Mitteilungspflichten – je nach Bilanzierungsmodell

Anlagenbetreiber sind dazu verpflichtet, dem Netzbetreiber gegenüber diverse Mitteilungspflichten zu erfüllen. Auf Grundlage der mitgeteilten Daten prognostiziert der Netzbetreiber, ob eine Redispatch- Maßnahme erforderlich ist. Der Umfang der hiernach mitzuteilenden Daten hängt davon ab, welchem Bilanzierungsmodell eine Anlage zugeordnet wird. Jede SR muss genau einem Bilanzierungsmodell zugeordnet sein. Es stehen zwei Modelle zur Auswahl:

Im Planwertmodell teilen die EIV dem Netzbetreiber Erzeugerprognosen in Form von Ex-ante-Fahrplänen mit. Soweit jedoch keine Ex-ante-Fahrpläne vorliegen oder auf absehbare Zeit beschafft werden können, steht Anlagenbetreibern auch das Prognosemodell zur Verfügung. Im Prognosemodell erfolgt die Bilanzierung nachträglich auf Basis der berechneten Ausfallarbeit im Rahmen der Bilanzkreisabrechnung.

Abrufvarianten

Für den Netzbetreiber gibt es zwei Möglichkeiten, eine Redispatch-Maßnahme durchzuführen. Im Duldungsfall wird die Anlage durch den Netzbetreiber geregelt, während im Aufforderungsfall der Anlagenbetreiber bzw. der EIV die Anlage nach Aufforderung durch den Netzbetreiber regelt.

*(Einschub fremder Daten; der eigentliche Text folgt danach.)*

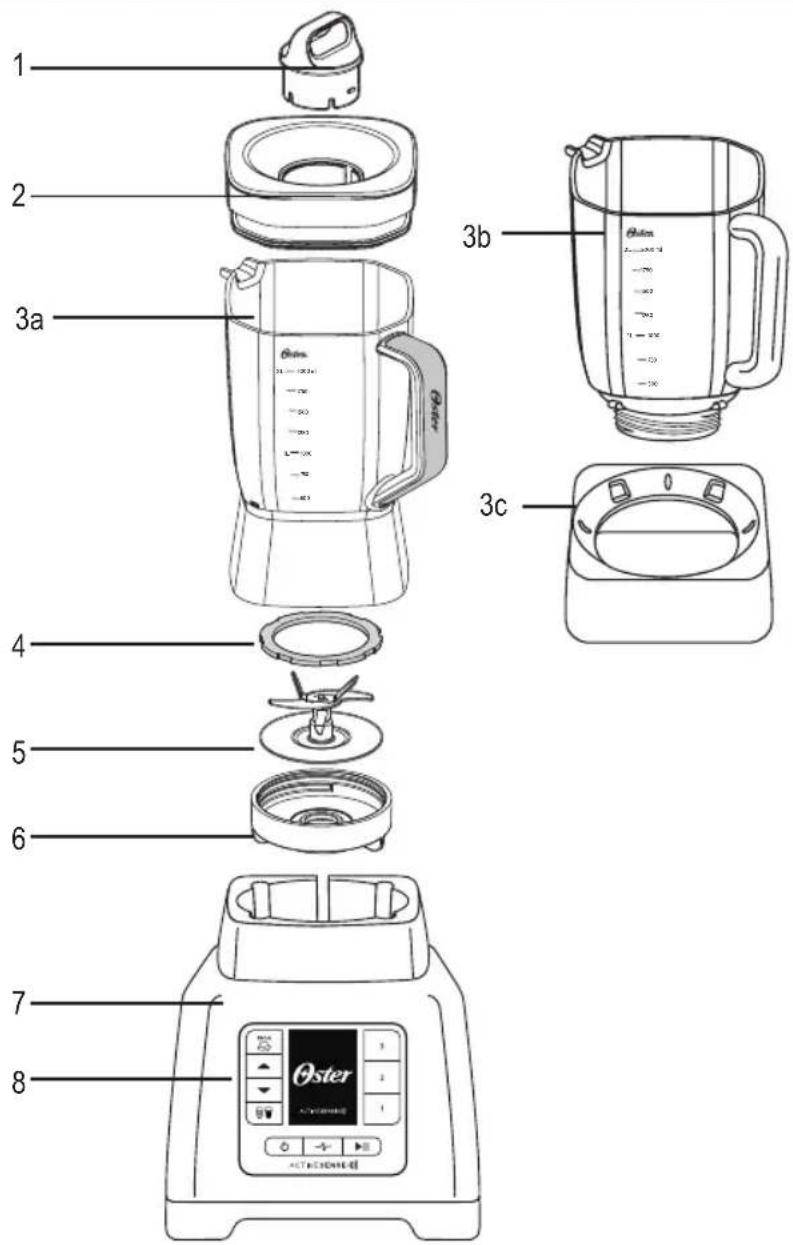 1 2 3a 4 5 6 7 8 3b 3c Oster ACTI 30000000000000000000000000000000000000000000000000000000000000000000000000000000000000000000000
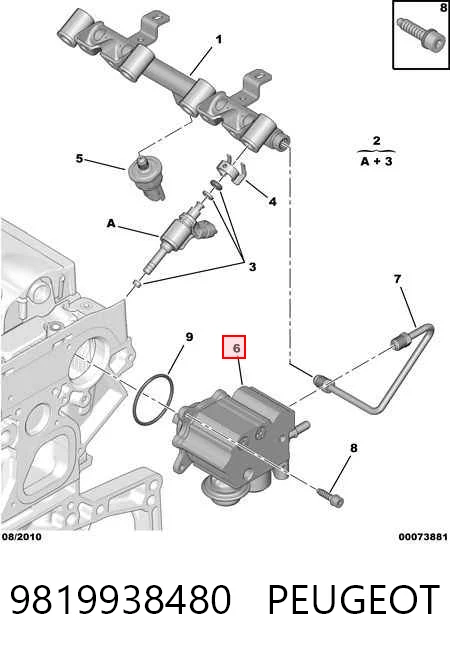 9819938480 Peugeot/Citroen Насос паливний високого тиску (ПНВТ)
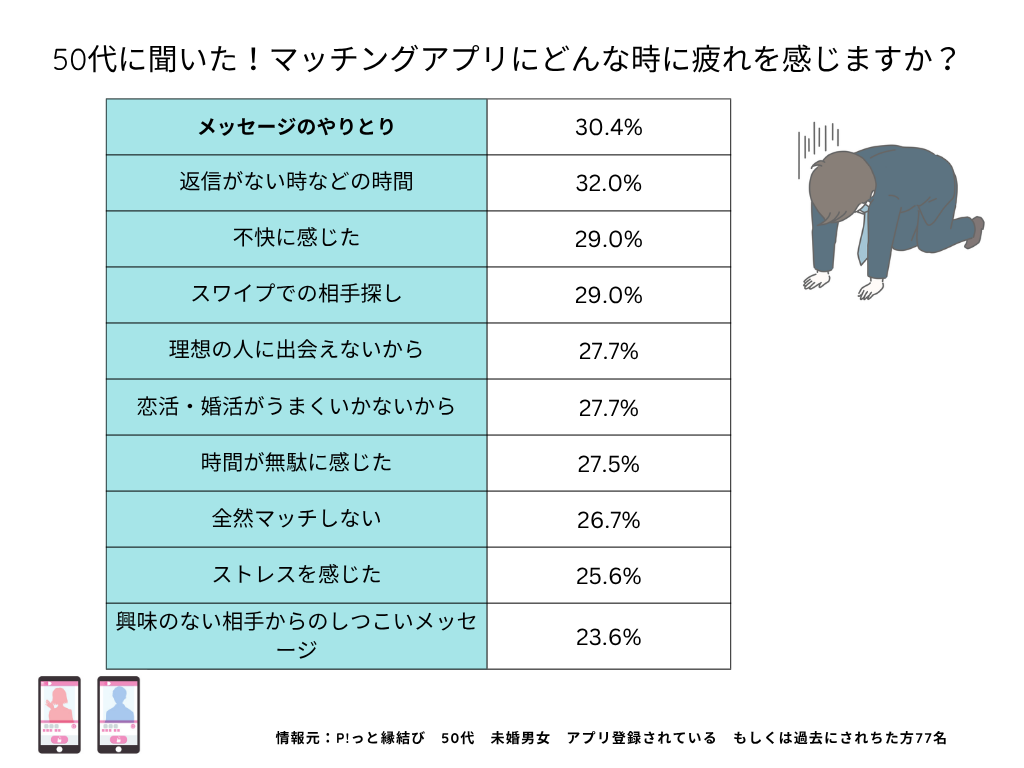50代にアプリ疲れの表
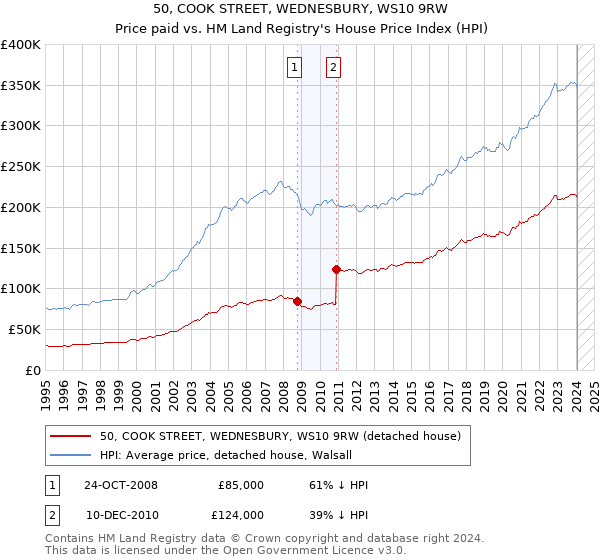 50, COOK STREET, WEDNESBURY, WS10 9RW: Price paid vs HM Land Registry's House Price Index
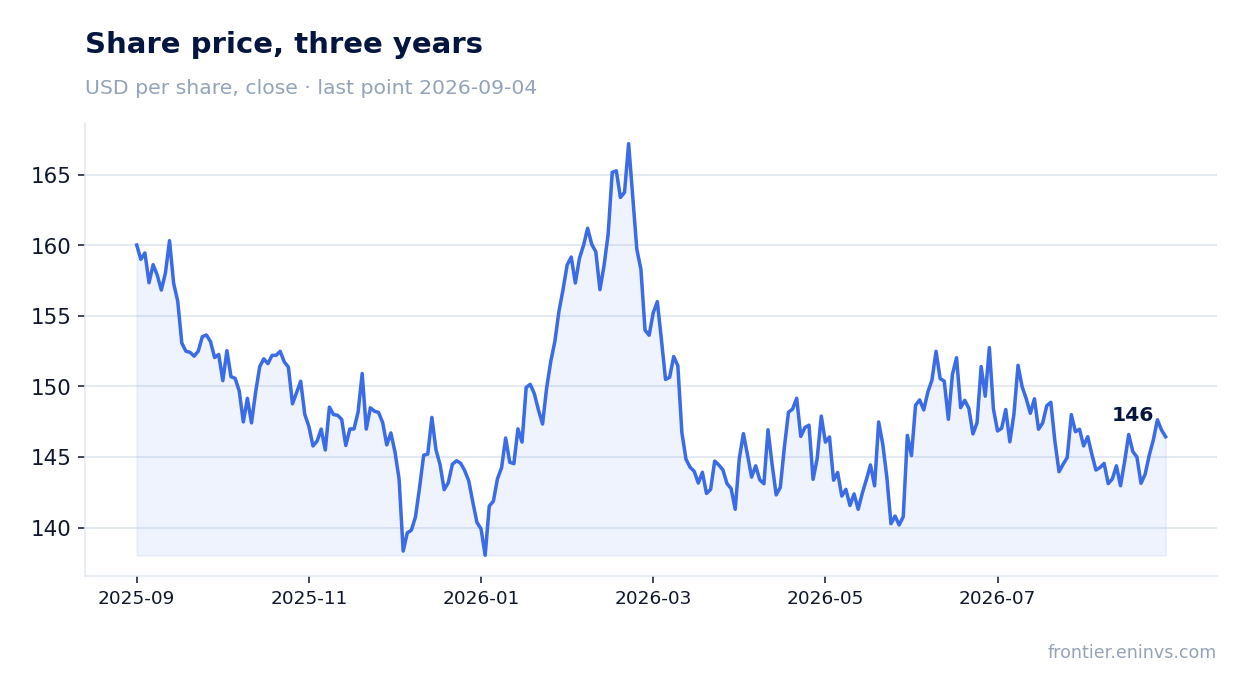 Share price, three years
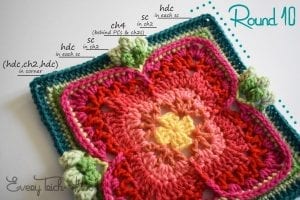 Kare Motif Yapımı - Resim 16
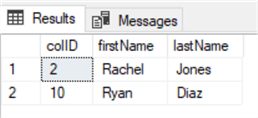 all the rows where the first name starts with an R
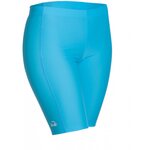 IQ UV 300 Shorts W Turquoise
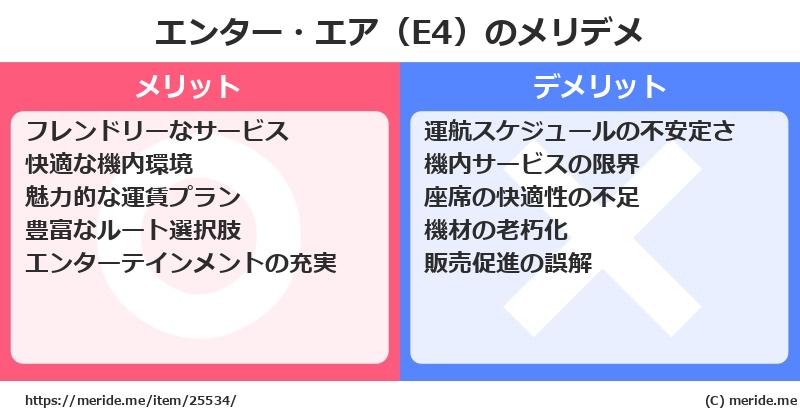 エンター・エア（E4）のメリットとデメリットは？ [空港]  メリデメ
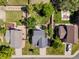 Top-down view shows single Gathering homes with manicured lawns, mature trees and private, fenced backyards at 21351 E Williamette Pl, Centennial, CO 80015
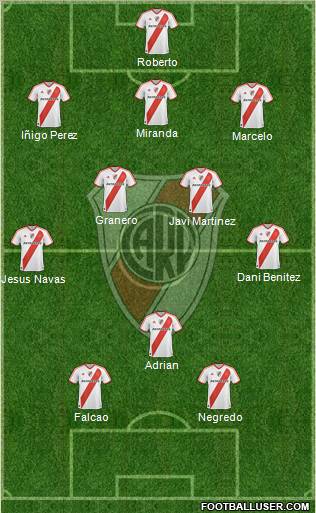 River Plate Formation 2012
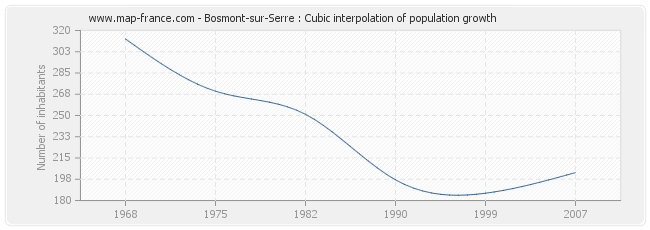 Bosmont-sur-Serre : Cubic interpolation of population growth
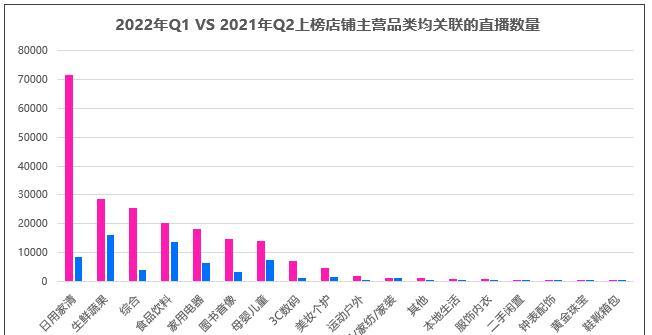 抖音电商如何应对疫情影响地区的发货问题（电商业务受疫情影响）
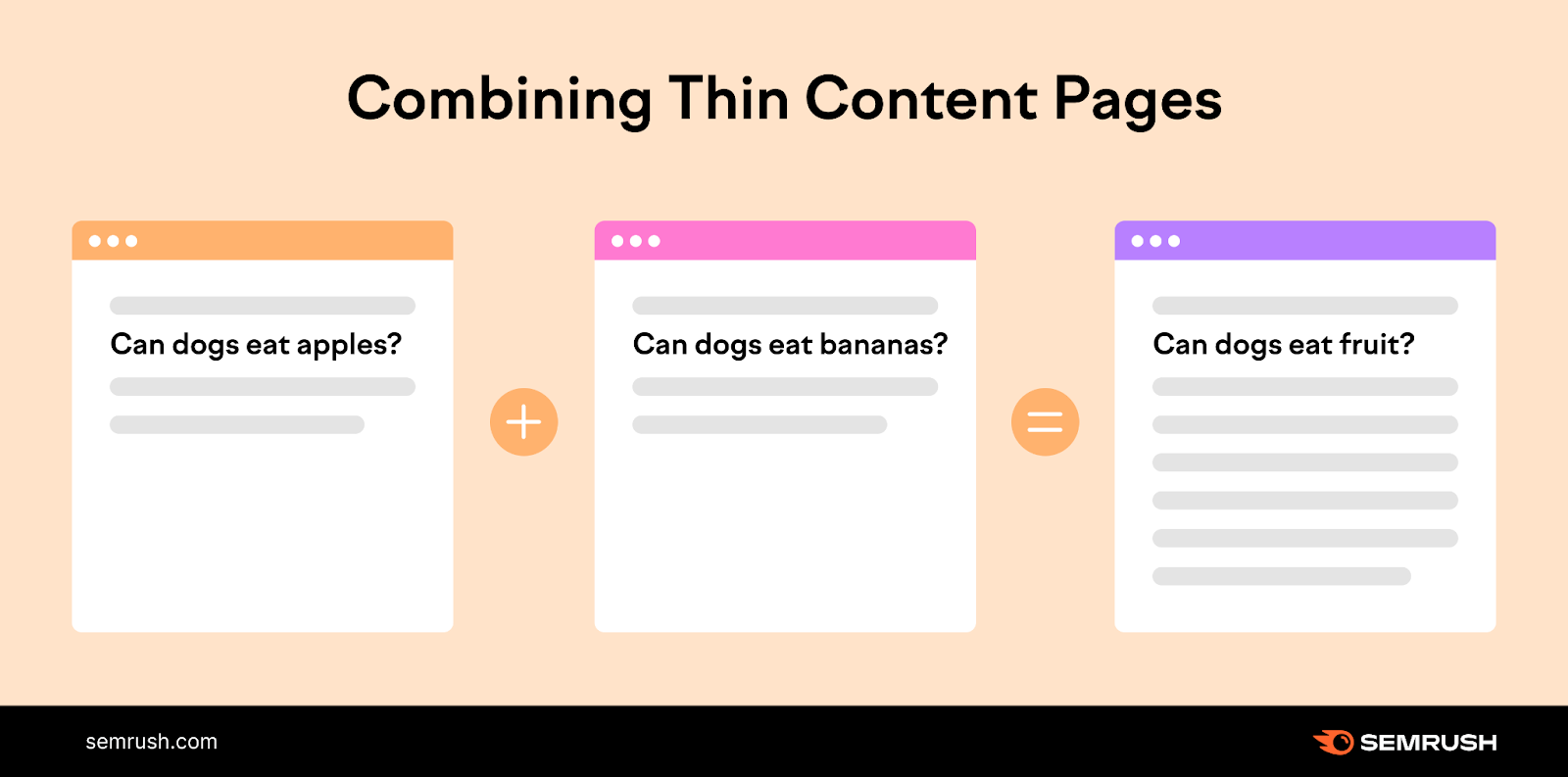 Semrush infographic showing how to combine thin content pages.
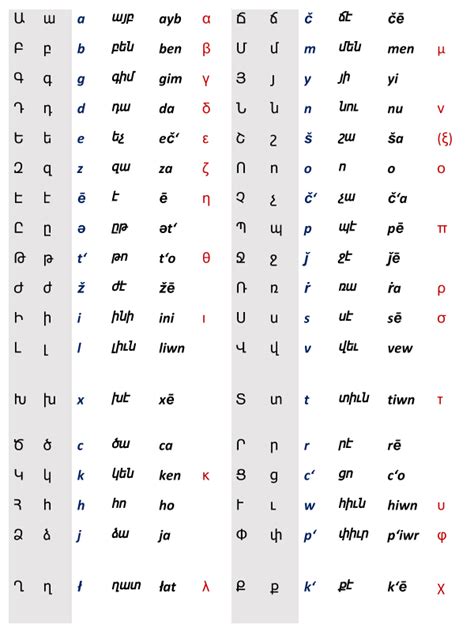 Armenian Alphabet and Writing System | ASPIRANTUM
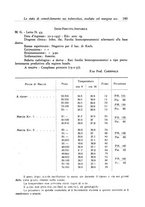 giornale/TO00215510/1936-1937/unico/00000325
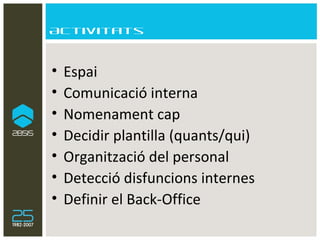 Activitats Espai Comunicació interna Nomenament cap Decidir plantilla (quants/qui) Organització del personal Detecció disfuncions internes Definir el Back-Office 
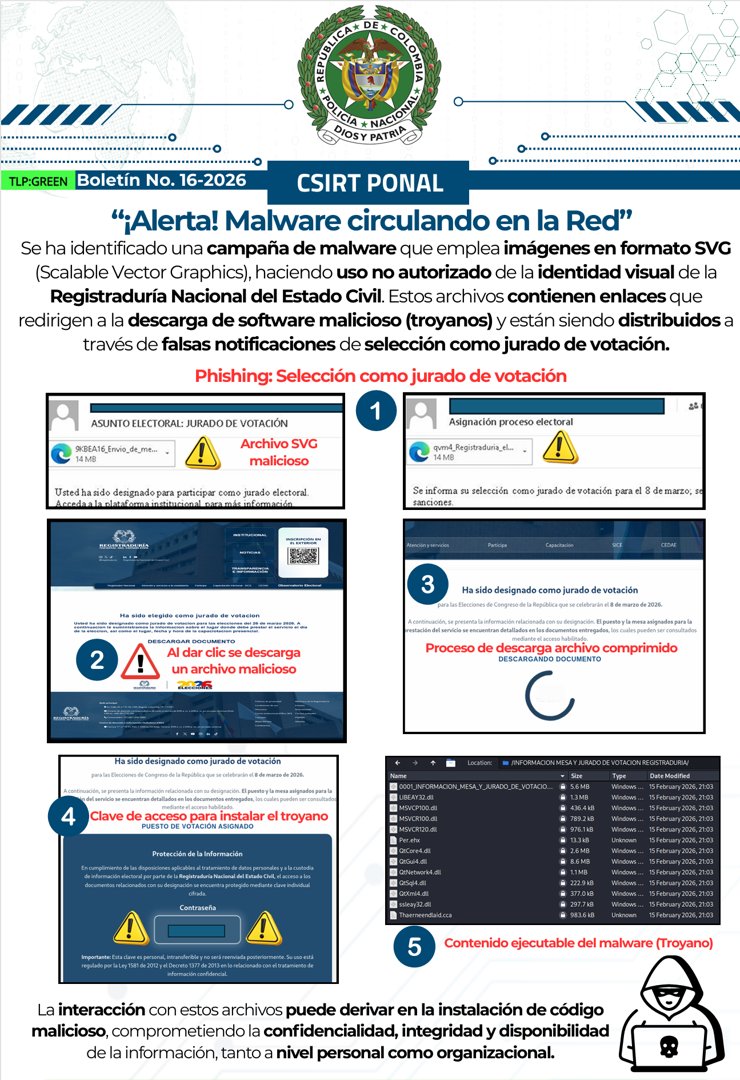 Csirtponal tweet media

Bilanzieller und finanzieller Ausgleich

Es erfolgt ein bilanzieller Ausgleich für jede Viertelstunde einer Redispatch-Maßnahme. Der bilanzielle Ausgleich erfolgt in Höhe der Ausfallarbeit. Ausfallarbeit ist die Differenz zwischen der theoretischen Einspeisung und dem Wert der Leistungslimitierung der Anlage. Ist die Ausfallarbeit positiv, erfolgt der bilanzielle Ausgleich aus dem Redispatch-Bilanzkreis in den Einspeisebilanzkreis; bei negativer Ausfallarbeit umgekehrt.

Die Ausfallarbeit bestimmt sowohl im Planwert- als auch im Prognosemodell den bilanziellen Ausgleich im Falle einer Redispatch-Maßnahme und bildet damit die Grundlage für den angemessenen finanziellen Ausgleich des Anlagenbetreibers. Angemessen ist der finanzielle Ausgleich, wenn der Netzbetreiber den Anlagenbetreiber unter Anrechnung des bilanziellen Ausgleichs wirtschaftlich weder besser noch schlechter stellt, als er ohne die Maßnahme stünde.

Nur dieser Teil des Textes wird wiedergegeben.